Second. With regard to the time, at which that quantity of interest is to be enjoyed.
Third. With regard to the number and connections of the tenants.
The Quantity of Interest. This is measured by its duration and extent. Either his right of possession is to subsist for an uncertain period, during his own life, or the life of another; to end with his decease, or to remain to his descendants, or it is limited to a certain period; or lastly, it is infinite and unlimited, being vested in him and his representatives forever. This occasions the primary division of estates into:
Estates of freehold.
Estates of Freehold. An estate of freehold, liberum tenementum, or frank-tenement, is the possession of the soil by a freeman. It requires actual possession of the land, or legally speaking, freehold, which can only be given by the ceremony of livery of seisin, which is the same as feudal investiture.
Defined. A freehold, therefore, is such an estate in lands, as is conveyed by livery of seisin; or in tenements of an incorporeal nature, by what is equivalent thereto. Therefore, estates of inheritance and estates for life could not by common law be conveyed without livery of seisin, these being properly estates of freehold, and as no other estates are conveyed with the same solemnity, therefore no others are properly freehold estates.
Divisions. Estates of freehold are either estates of inheritance, or estates not of inheritance. FREEHOLD ESTATES OF INHERITANCE.
Divisions. These are divided into inheritance absolute or fee simple, and inheritances limited, one species of which we usually call fee-tail. I. ESTATES IN FEE SIMPLE.
Defined. A tenant in fee simple, or in fee, is he who has lands, tenements or hereditaments, to hold to him and his heirs forever, generally, absolutely and simply, without mentioning what heirs, but referring that to his own pleasure, or to the disposition of the law.
Meaning of Fee. The true meaning of the word "fee,” feodum, is the same with that of feud or fief, in contradistinction to allodium, which means every man's land, that he possesses in his own right, without owing rent or service to any superior, This is property in its highest degree, and the owner thereof is seised absolutely, in his own demesne. But foedum, or fee, is that which is held of some superior, on condition of rendering him service, in which superior, the ultimate property of the land resides. A feud or fee is defined, to be the right which the vassal or tenant has in lands, to use the same, and take the profits thereof to him and his heirs, rendering to the lord his due services; the mere allodial property always remaining in the lord. This allodial property no English subject possesses, it being a principal of law, that all the lands in England are holden mediately or immediately of the king.

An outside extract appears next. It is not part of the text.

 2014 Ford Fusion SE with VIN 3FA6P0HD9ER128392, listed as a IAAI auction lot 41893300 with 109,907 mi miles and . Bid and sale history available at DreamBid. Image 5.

King and Subject. Property Rights. The king, therefore, has absolute dominion, and all subjects' lands are in the nature of foedum or fee, whether derived by them by descent or purchase, for they are always accompanied by feudal limitations, which were imposed upon the original feudatory. A subject, therefore, has only the usufruct, and not the absolute property of the soil, the dominium utile, but not dominium directum. The highest estate a subject can possess is expressed : "seised thereof in his demesne, as of fee." It is a man's demesne or property, since it belongs to him and his heirs forever, yet this demesne is strictly not absolute or allodial, but qualified or feudal; it is not purely his own, since it is held of a superior lord, in whom the ultimate property resides.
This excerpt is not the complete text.